Content starts

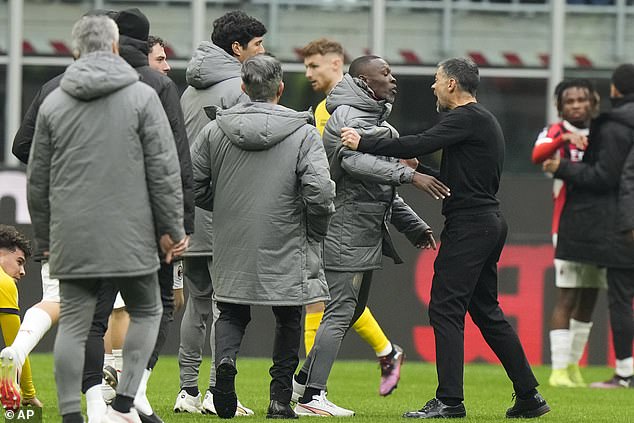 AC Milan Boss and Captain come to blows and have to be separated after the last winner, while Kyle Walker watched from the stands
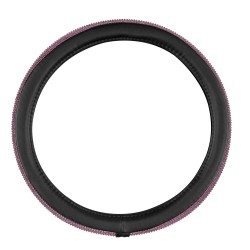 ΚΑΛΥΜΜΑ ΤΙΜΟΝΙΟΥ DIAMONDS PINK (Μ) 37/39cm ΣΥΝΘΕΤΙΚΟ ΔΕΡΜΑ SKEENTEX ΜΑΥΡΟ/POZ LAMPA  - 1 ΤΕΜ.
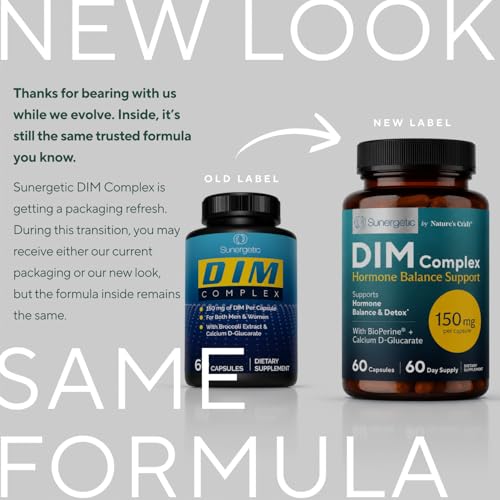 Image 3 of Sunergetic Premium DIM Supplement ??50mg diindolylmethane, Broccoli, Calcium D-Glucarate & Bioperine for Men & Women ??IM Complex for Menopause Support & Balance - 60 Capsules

Content ends
Content starts

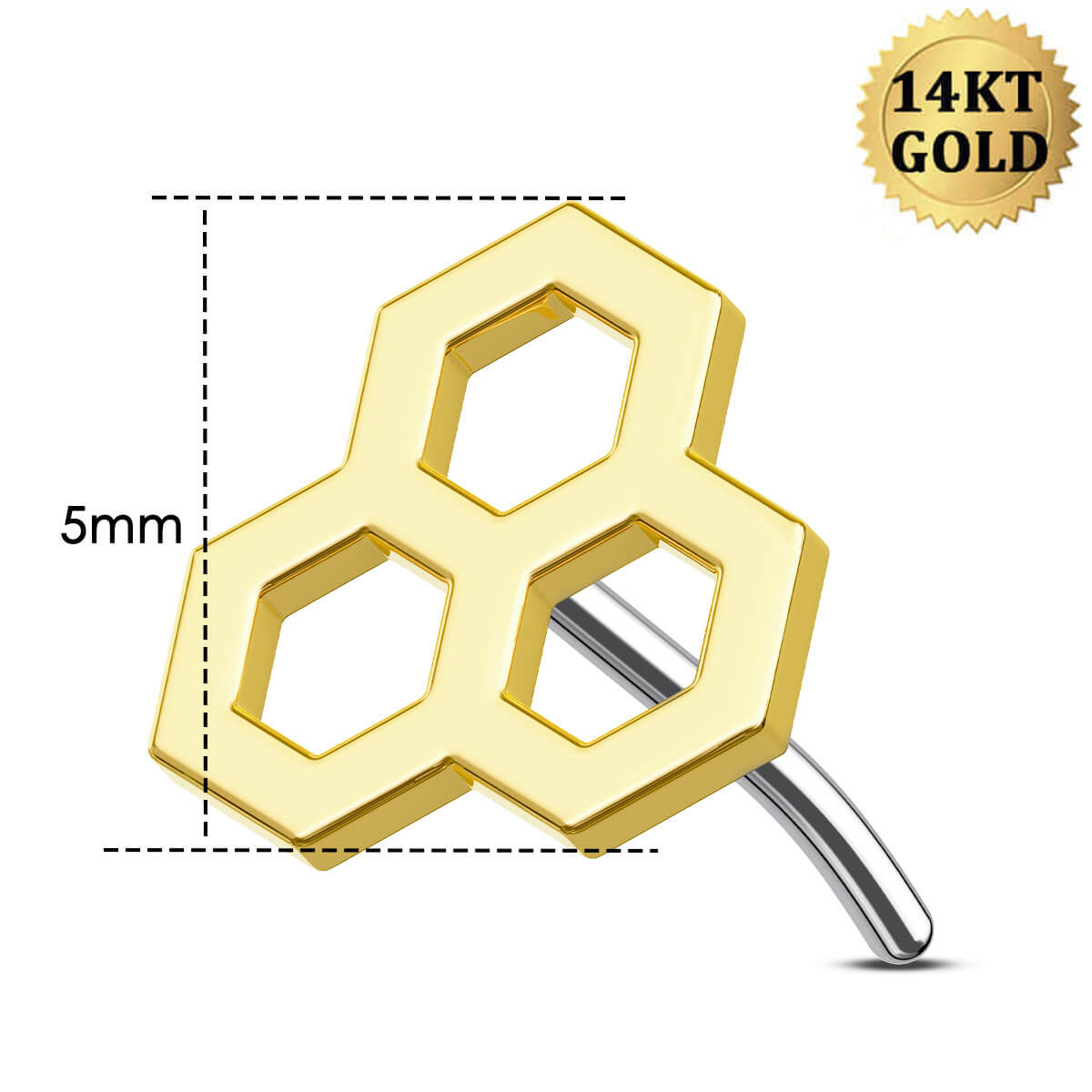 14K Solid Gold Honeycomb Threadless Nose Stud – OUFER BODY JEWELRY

Content ends

[PROBLEM STATEMENT] Take the material above from the line bearing "AC Milan Boss" through the line bearing "Image 3 of Sunergetic" and write it out exactly, both end lines included. Pictures stay out.

[ANSWER SPACE]
 AC Milan Boss and Captain come to blows and have to be separated after the last winner, while Kyle Walker watched from the stands
 ΚΑΛΥΜΜΑ ΤΙΜΟΝΙΟΥ DIAMONDS PINK (Μ) 37/39cm ΣΥΝΘΕΤΙΚΟ ΔΕΡΜΑ SKEENTEX ΜΑΥΡΟ/POZ LAMPA  - 1 ΤΕΜ.
 Image 3 of Sunergetic Premium DIM Supplement ??50mg diindolylmethane, Broccoli, Calcium D-Glucarate & Bioperine for Men & Women ??IM Complex for Menopause Support & Balance - 60 Capsules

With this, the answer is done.